- Occupation: Journalist

= Marzieh Rasouli =

Iranian journalist

Marzieh Rasouli (مرضیه رسولی) is an Iranian journalist who writes about culture and the arts for several of Iran's reformist and independent publications. In 2012 the Iranian authorities arrested her and accused her of collaborating with the BBC. In 2014 she was convicted of "spreading propaganda" and "disturbing the public order". Sentenced to two years in prison and 50 lashes, she was taken to Evin prison on July 8, 2014. PEN International called for her "immediate and unconditional" release. Marzieh Rasouli's sentence was reduced on appeal to one year in prison, and on October 19, 2014, she was released from prison.

==Journalism==
Prior to her imprisonment, Rasouli wrote on culture and the arts for reformist publications. Her work appeared in Shargh, where she edited the newspaper's music pages, and in other reformist newspapers including Etemaad and Roozegar. She also has a blog titled 3rouzpish (Three Days Ago).

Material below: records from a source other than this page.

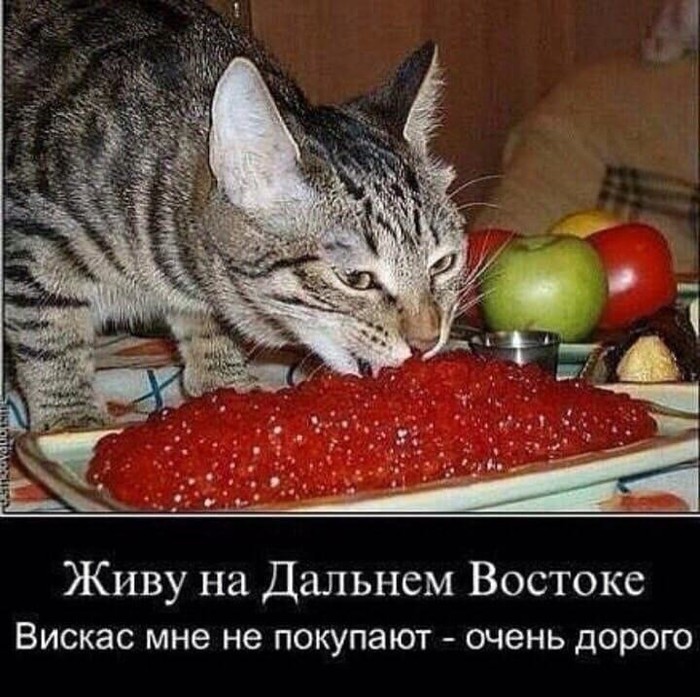 4743317_i_33 (700x697, 127Kb)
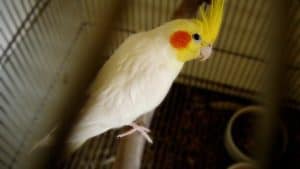 Why Does a Cockatiel Stand on One Leg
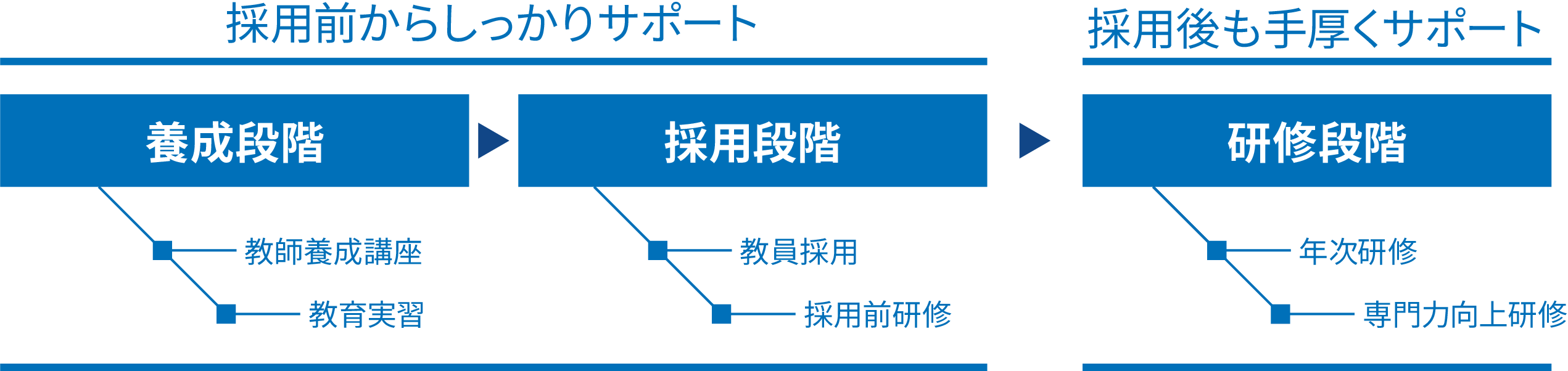 養成段階、採用段階を採用前からサポートし、研修段階として採用後も手厚くサポートする。養成段階には「教師養成講座」と「教育実習」採用段階には「教員採用」「採用前研修」、研修段階には「年次研修」専門力向上研修がある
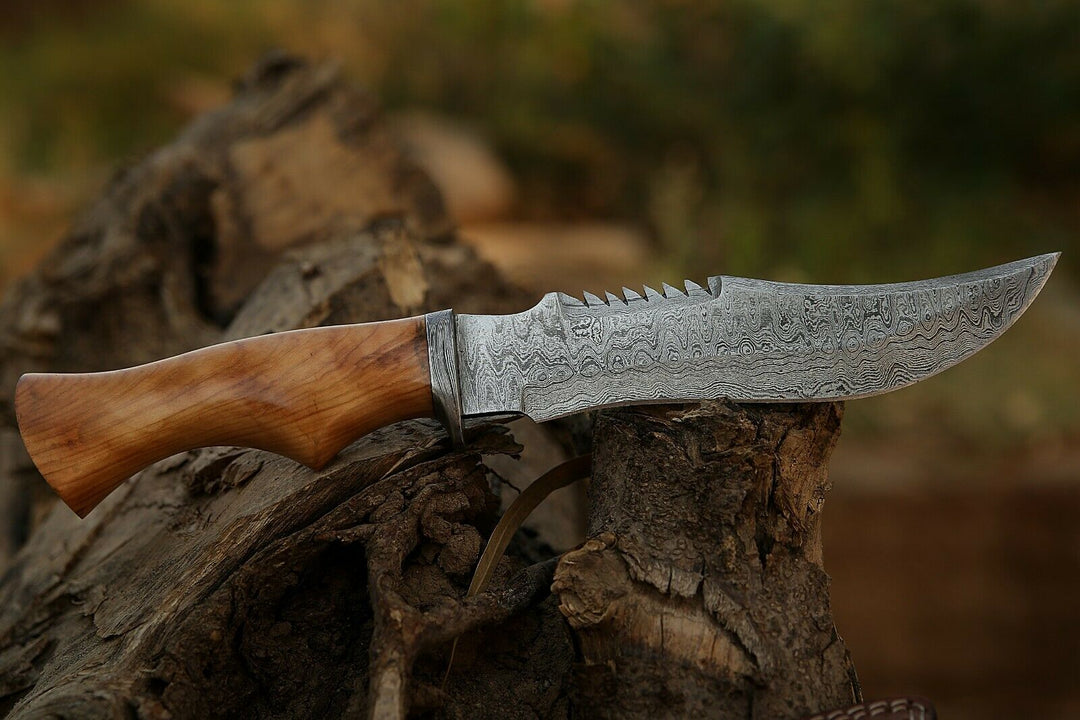 Handmade Hand Forged Olive Wood handle Bowie Knife,with sheath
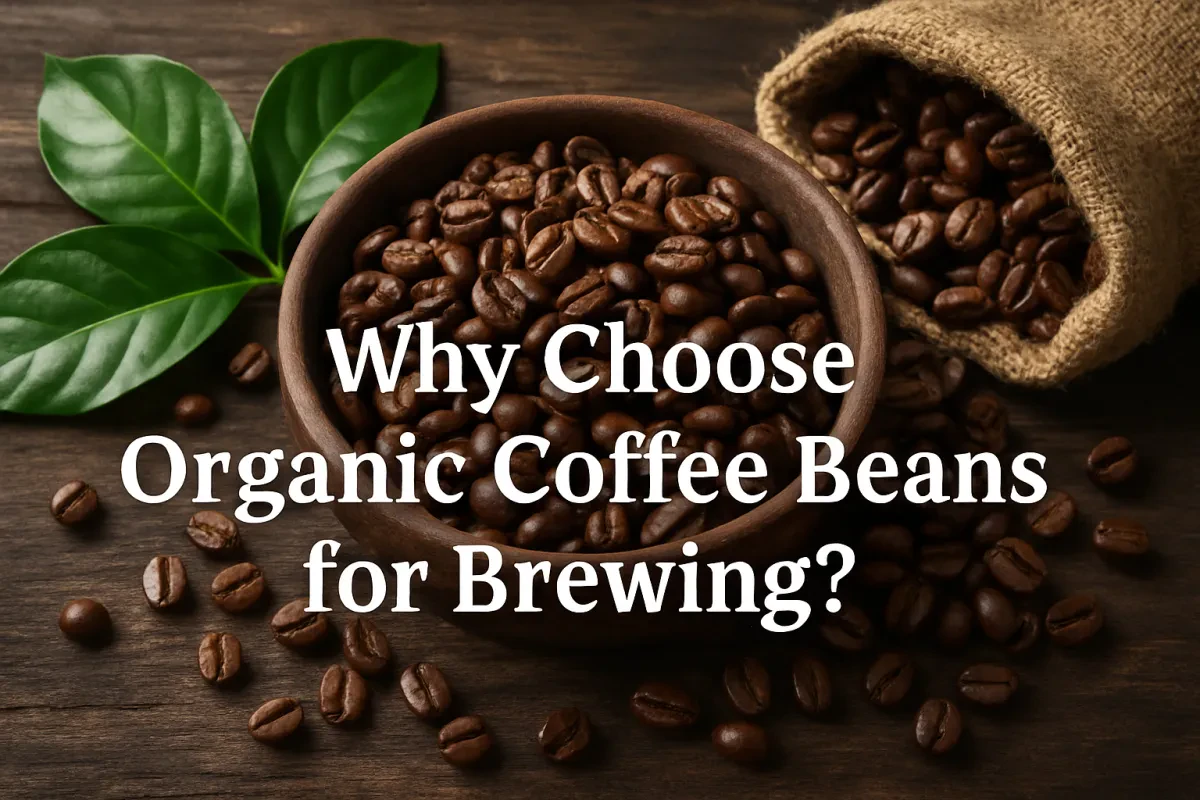 Why Choose Organic Coffee Beans for Brewing?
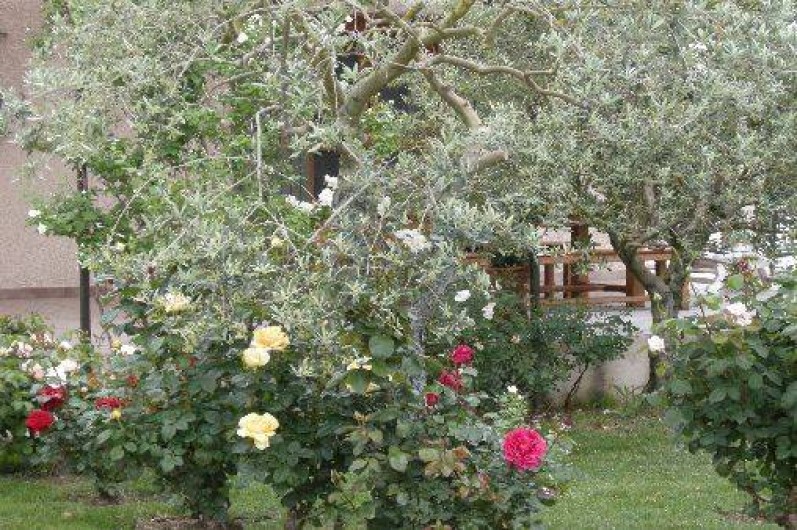 Location de vacances - Gîte à Pernes-les-Fontaines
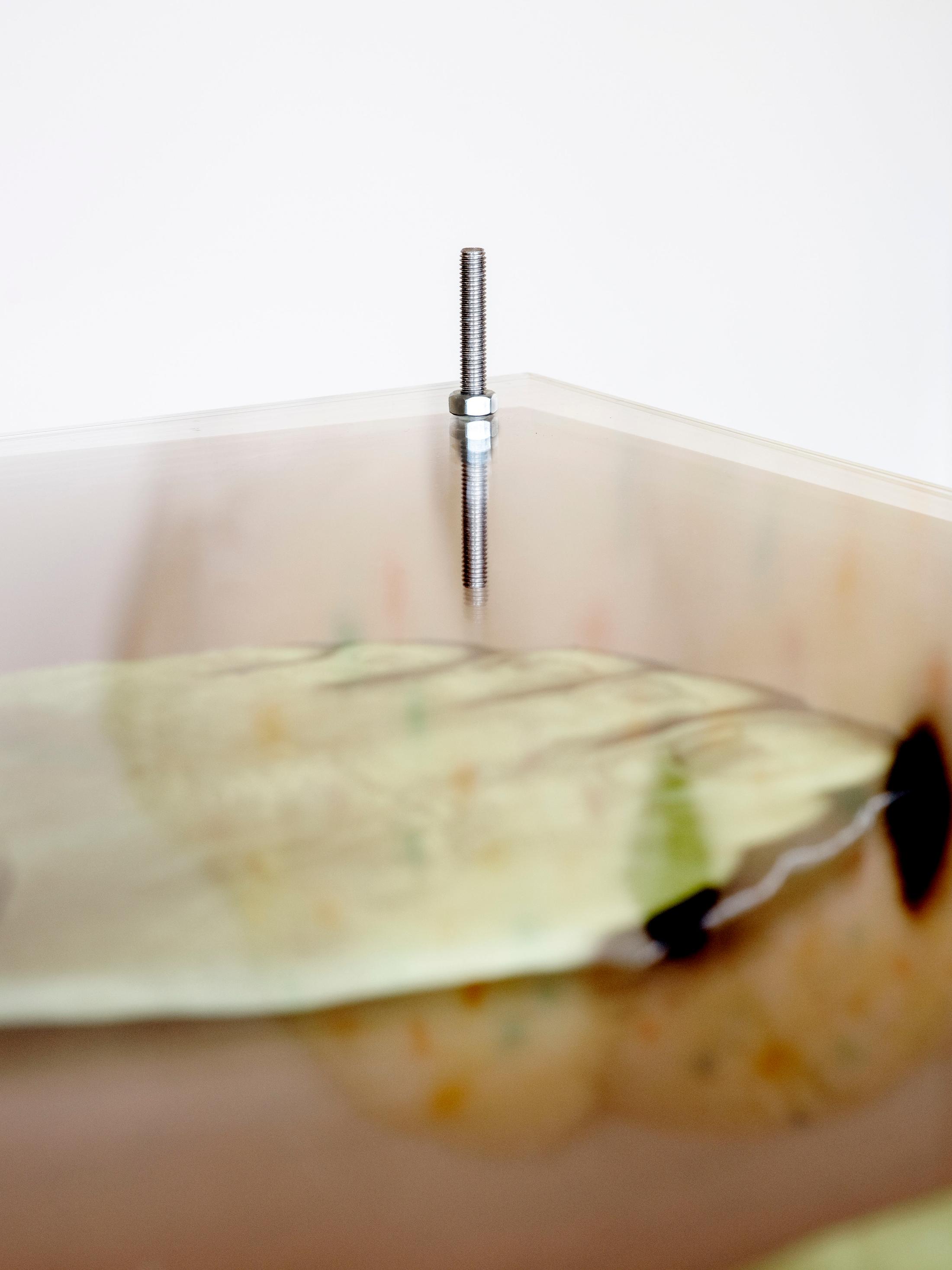 Exhibition View Shuang Li Solo Show «Among Us; view on Shuang Li, The Bully, 2021, costume, Plexiglas, metal screws, 179 x 89 cm, (detail)» at Cherish, Geneva, 2021 / Photo: James Bantone / Courtesy: the artist and Cherish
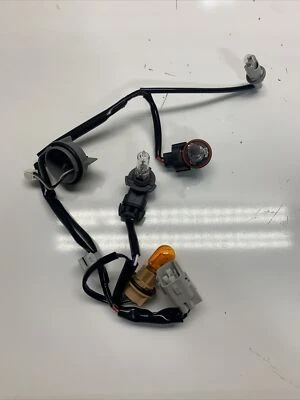 Arnés de cableado para faro halógeno lado derecho para Subaru Outback Legacy Foto 1 de 4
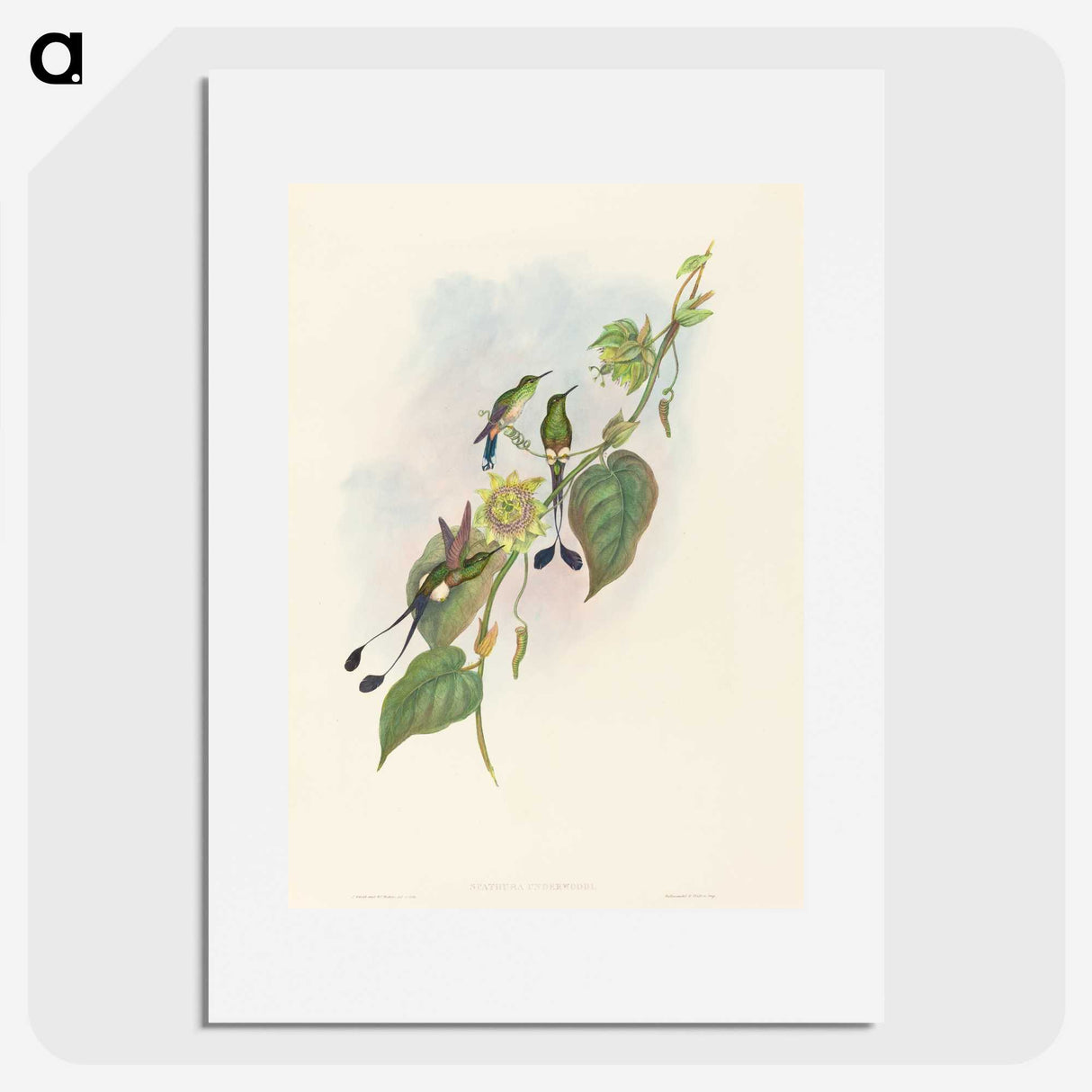3-15_John-Gould_picture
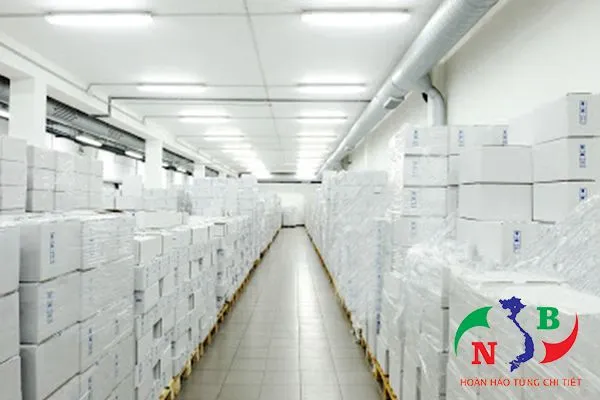 Sản phẩm cho thue kho dong lanh 1 — Công Ty CP Công Nghệ Tân Nam Bắc — MST 0109111607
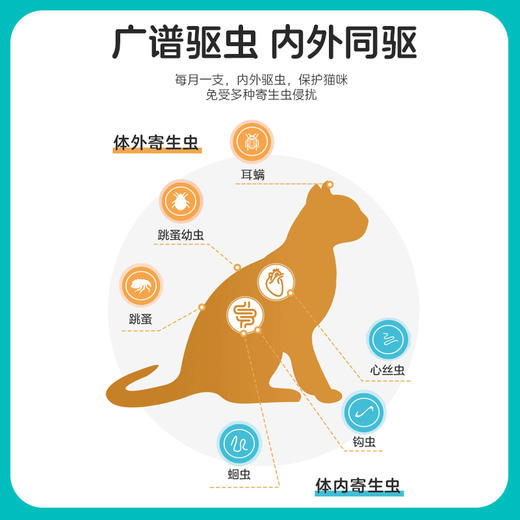 玲宠猫咪驱虫药体内外一体狗狗体外驱跳蚤耳螨宠物吡虫啉莫昔克丁滴剂 商品图2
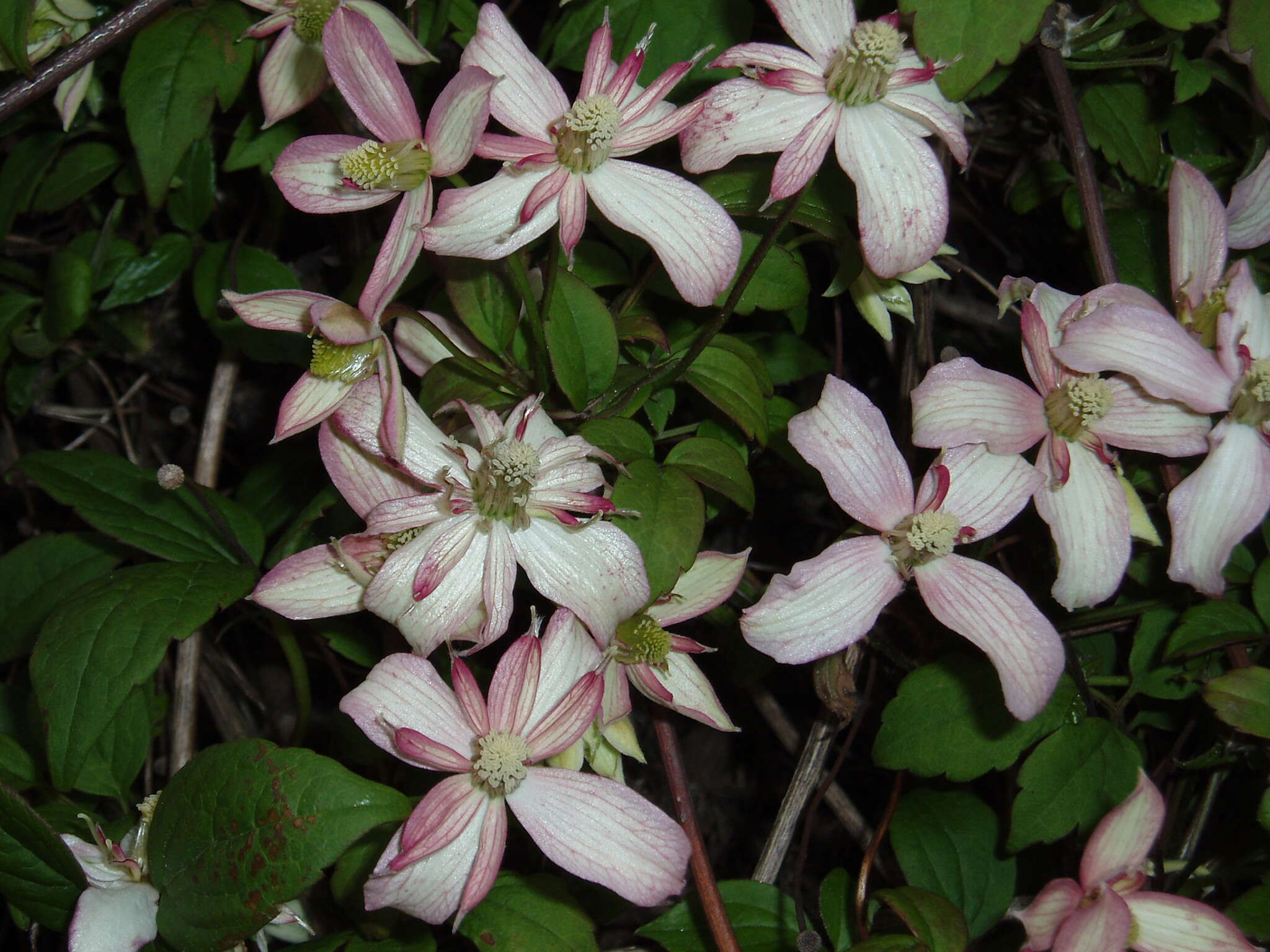 Image of Himalayan Clematis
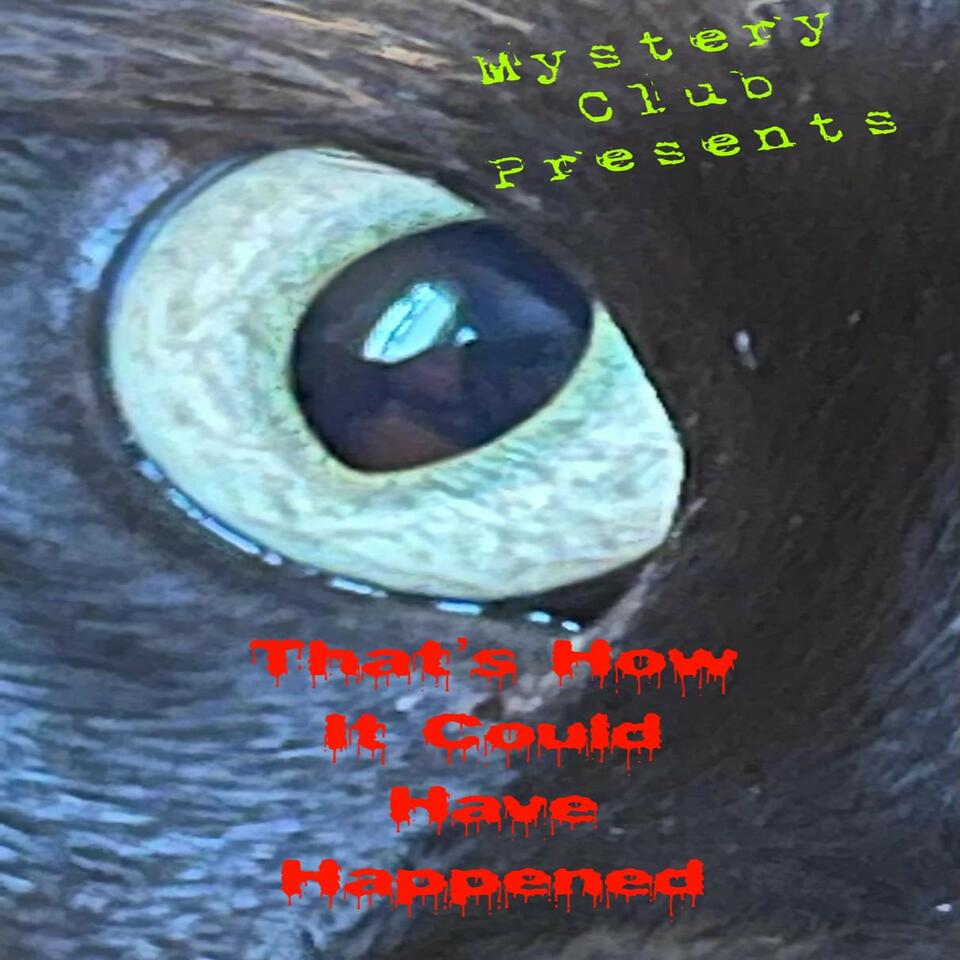 Mystery Club Presents: That’s How It Could Have Happened
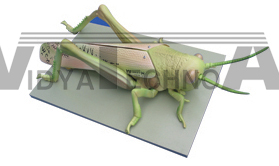 The dissection model of locust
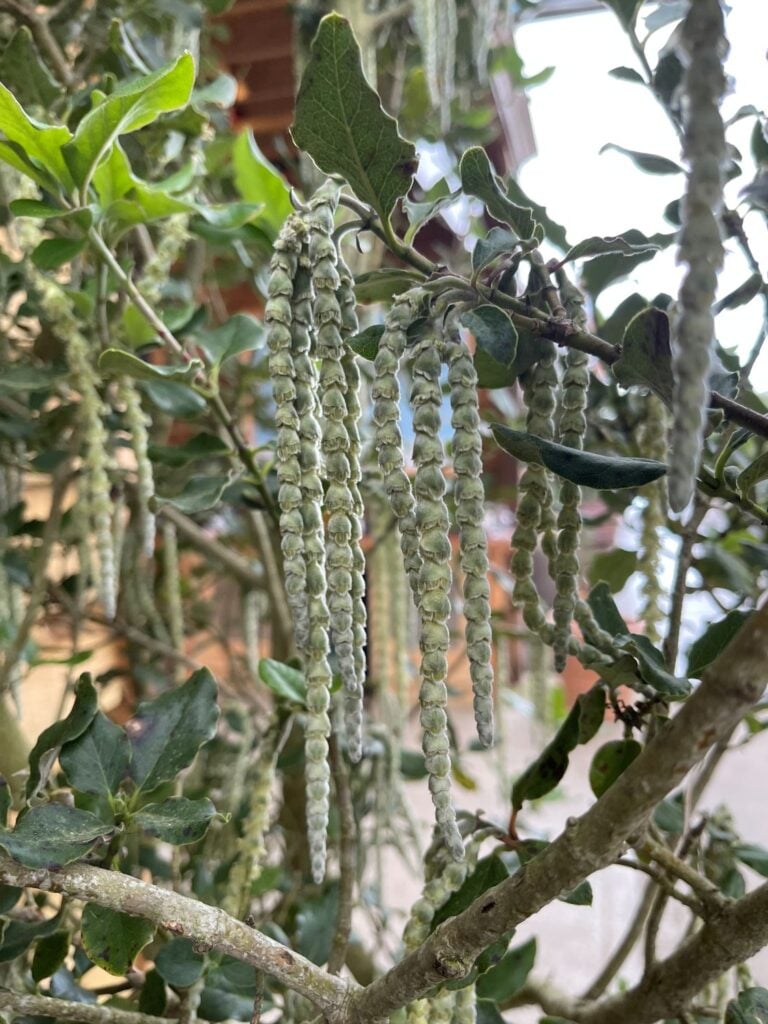 Garrya elliptica - Image 3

==Arrest, conviction, and imprisonment==
Rasouli was arrested at her Tehran home in January 2012 during the run-up to Iranian parliamentary elections. It was reported that the accusation on the arrest warrant was "acting against national security". She was held for six weeks in solitary confinement in Tehran's Evin prison. Prior to the release of Rasouli and two other leading women journalists who had also been arrested the same month, the Iranian Revolutionary Guards' Cyber-Crimes website Gerdab published a statement accusing them of "collaborating with the BBC, British intelligence and the foreign-based opposition." The satellite-broadcast BBC Persian Television service is banned in Iran.

On February 27, 2012, Rasouli was released on a bail of 2 billion Iranian Rials ($300,000). PEN International reported that Rasouli was "briefly detained in January 2013, together with 18 other journalists working for reformist media outlets."

In July 2014, she was convicted of "spreading propaganda" against the Iranian regime and "disturbing public order". Sentenced to two years imprisonment and 50 lashes, she returned to Evin to begin serving her sentence on July 8, 2014. On July 16, 2014, citing Article 19 of the International Covenant on Civil and Political Rights, to which Iran is a party, PEN issued a call for the "immediate and unconditional release" of Rasouli and "all other writers currently similarly detained in Iran in connection with their peaceful exercise of their right to freedom of expression and assembly". PEN also called for Rasouli's sentence of 50 lashes to be "overturned immediately as it violates the absolute prohibition in international law against torture and other cruel, inhuman or degrading treatment or punishment."

Among the personalities who called for the journalist's release and denounced the Iranian regime was Noam Chomsky.